A second common context clue is furnished by the reader's experience. Some city children would have no difficulty in supplying the word delicatessen in the sentence: "Cooked food is sold in a store." Any reader who was familiar with the ways of pickpockets from reading Oliver Twist would have a fairly clear idea of the meaning of deftness in the sentence: "He removed the watch with the deftness of a pickpocket."
Synonyms give specific clues: "He had never been so gay; he was simply buoyant."
Sometimes the meaning of a word is given in a summary statement: "She was disheveled in appearance. Her hair was dirty and uncombed. Her dress was torn and stained and falling off one shoulder."
A mood or situation that is first described may then be crystallized in a single word whose meaning thus becomes plain: "The day was dull—the air was oppressive. This dreary landscape cast a melancholy spell over him."
In textbooks, a definition frequently explains the unknown word: "The land was dry and sandy; it was a desert."
A familiar expression may suggest a clue: "As famished as a bear" suggests the more familiar "As hungry as a bear."
Of course, getting the meaning from context is not always so easy as in the example we have given. Quite often, no context clues are to be found. However, all readers need a battery of skills for searching the text itself for possible meanings of unfamiliar words.
Literary InterpretationWhen you read a story you would probably enjoy it more if you looked for the subtle clues that the author gives to help you understand the characters, and anticipate developments in the plot. Students are taught to do this in school. It makes reading more meaningful and enjoyable to them.
The teacher may demonstrate the process of clue recognition and interpretation with the entire class as they read a story together. They may go through the process together a number of times. Then the students read a story at home and the next day in class discuss the clues they have found and the interpretations they have given to them. After they have learned how to do so, and have discovered the interest and depth it adds to their reading, they will continue to read in this way on their own.
Some clues make clear the physical appearance of the characters and the setting. These may comprise a direct description like this: "The cook squatted in the bottom and looked with both eyes at the six inches of gunwale which separated him from the ocean. His sleeves were rolled over his fat forearms, and the two flaps of his unbuttoned vest dangled as he bent to bail out the boat." Or a few significant details: "In the wan light, the faces of the men must have been gray. Their eyes must have glinted in strange ways as they gazed steadily astern."

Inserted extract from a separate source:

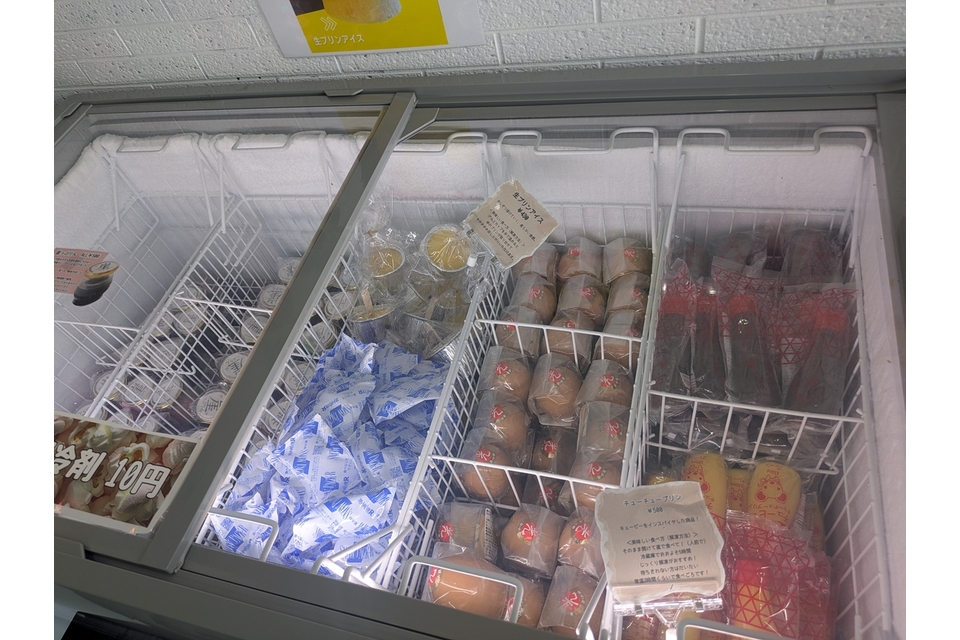 スイーツのショーケース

Or the clue may lie in the character's own speech or action: "The cook had said: There's a house of refuge just north of the Mosquito Inlet Light, and as soon as they see us, they'll come off in their boat and pick us up.' 'As soon as who sees us?' said the correspondent." The three preceding quotations were from Stephen Crane's "The Open Boat."

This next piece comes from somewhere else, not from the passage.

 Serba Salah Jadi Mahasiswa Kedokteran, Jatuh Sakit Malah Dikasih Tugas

Appearance may also be implied by a suggestive observation: "At the very sight of her, children would stop their merry chatter and freeze in their places."
Similarly, feelings, moods, motives, and intentions may be inferred from the character's statements, tones of voice, actions, reactions, and the responses they evoke from others. Figures of speech, subtle shades of meaning, irony, sarcasm—all these literary devices point to meanings.
The setting and mood of a story may be inferred from its opening sentences: "None of them knew the color of the sky. Their eyes glanced level, and were fastened upon the waves that swept toward them" (Stephen Crane, "The Open Boat").
The title may contain a clue: "The Phantom of Buck Hill Caves," "The Spell of the Yukon."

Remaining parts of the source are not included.